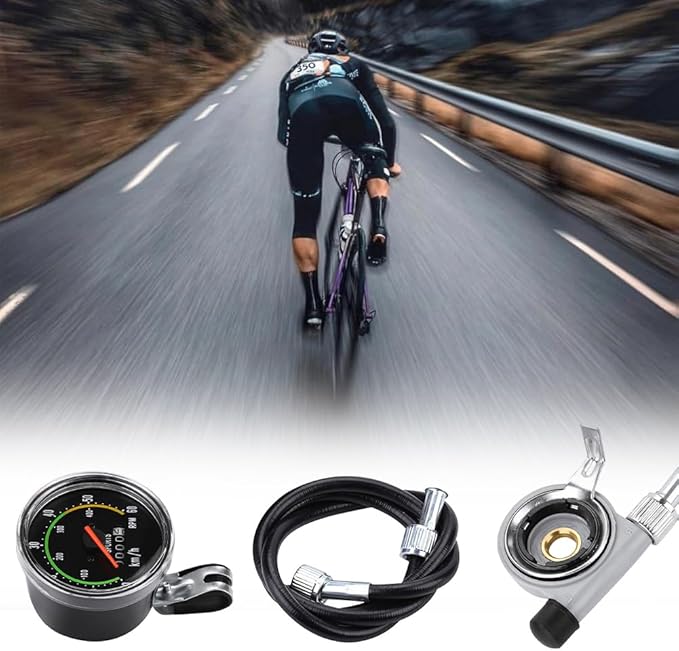 Tiiyee Bike Speedometer, Mechanical Analog Odometer Old School Style Bicycle Computer Code Table Aluminum Alloy Stopwatch Cyclocomputer Accessories for 26in 27.5in 28in 29in Outdoor Cycling Tricycle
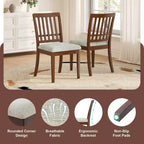 Yates Dining Chairs with Curved Wood Backrest and Gray Fabric Seat
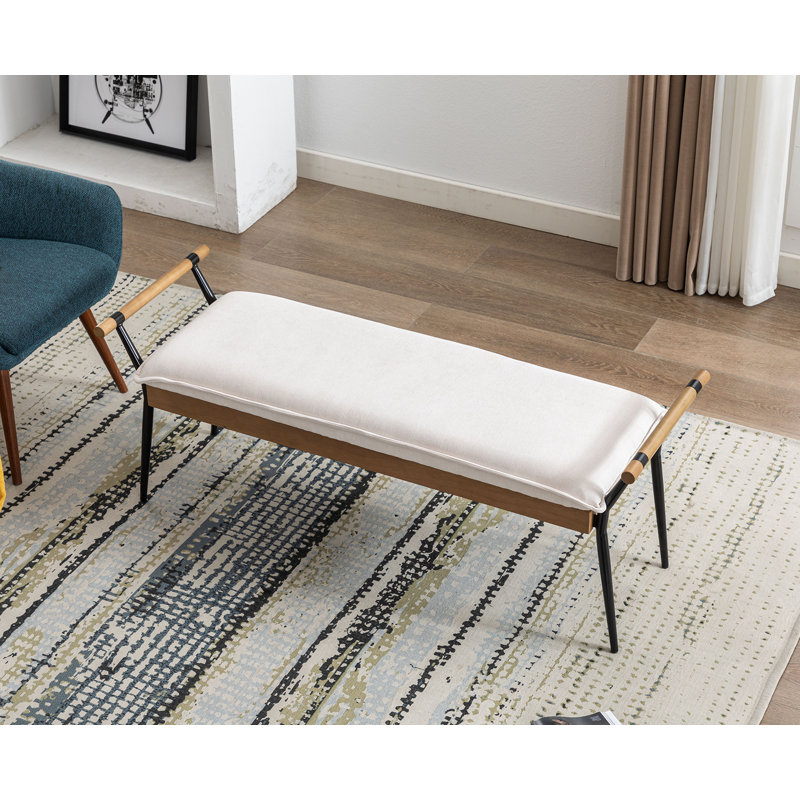 Banc de rangement industriel avec accoudoirs Ameera, Beige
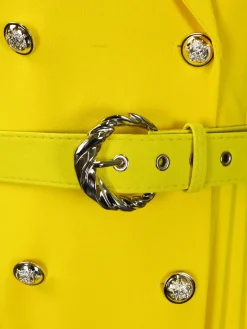 Belted Blazer Pleated Midi Dress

- - -

* Action item *
The full listing, transcribed exactly and without its pictures, is the expected result.

* Task output *
 Tiiyee Bike Speedometer, Mechanical Analog Odometer Old School Style Bicycle Computer Code Table Aluminum Alloy Stopwatch Cyclocomputer Accessories for 26in 27.5in 28in 29in Outdoor Cycling Tricycle
 Yates Dining Chairs with Curved Wood Backrest and Gray Fabric Seat
 Banc de rangement industriel avec accoudoirs Ameera, Beige
 Belted Blazer Pleated Midi Dress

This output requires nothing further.